* [Directions]: Every line from the one with "A baby wrapped" to the one with "Wir sitzen in", including those two, is to be copied exactly; all other lines of the entries below are left out.

* [Provided data]:
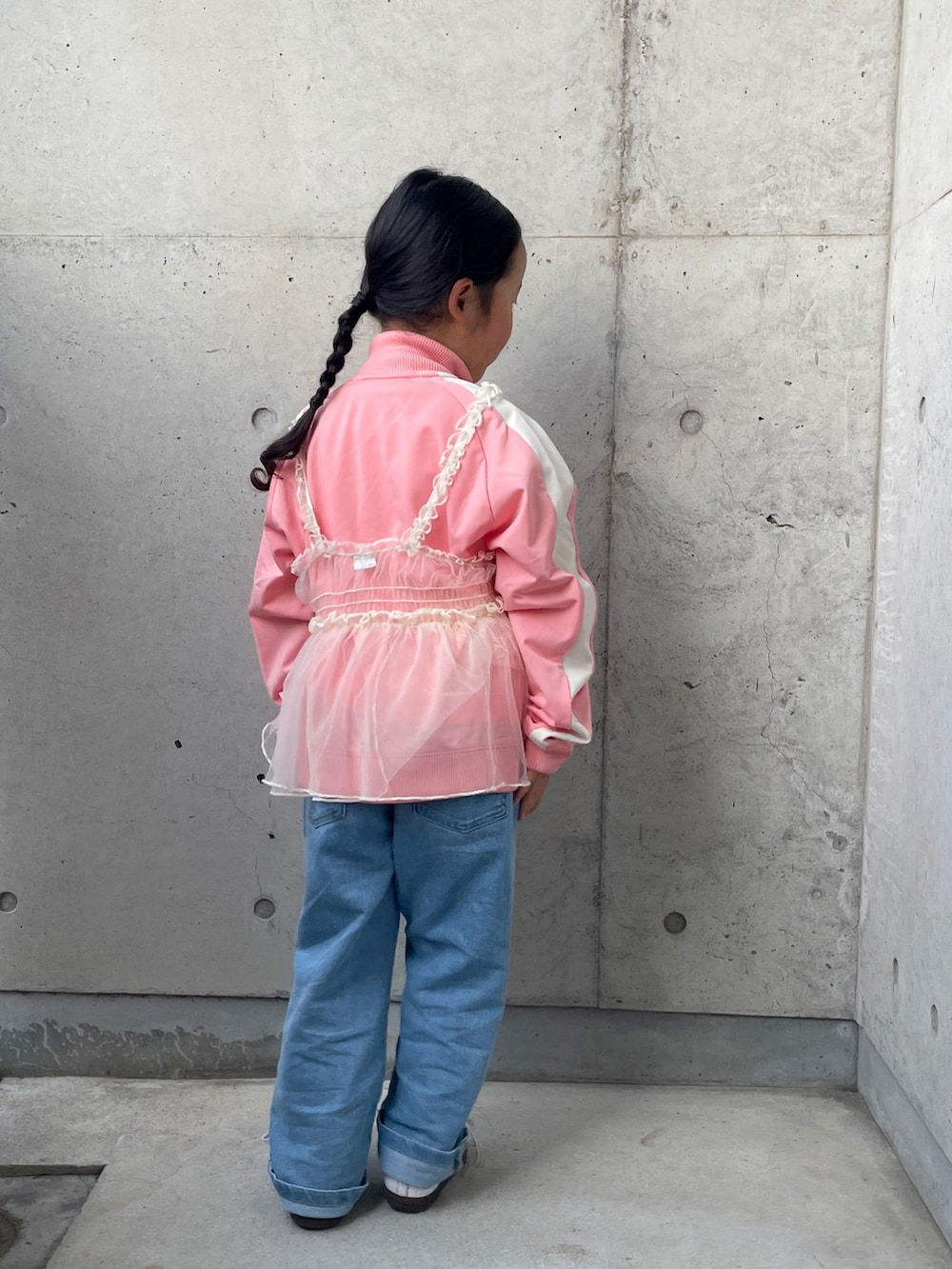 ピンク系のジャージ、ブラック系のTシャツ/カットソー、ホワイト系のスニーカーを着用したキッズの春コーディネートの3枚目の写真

---

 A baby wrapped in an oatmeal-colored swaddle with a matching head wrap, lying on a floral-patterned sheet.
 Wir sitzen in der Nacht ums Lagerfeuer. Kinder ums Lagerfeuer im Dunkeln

* [Exercise response]:
 A baby wrapped in an oatmeal-colored swaddle with a matching head wrap, lying on a floral-patterned sheet.
 Wir sitzen in der Nacht ums Lagerfeuer. Kinder ums Lagerfeuer im Dunkeln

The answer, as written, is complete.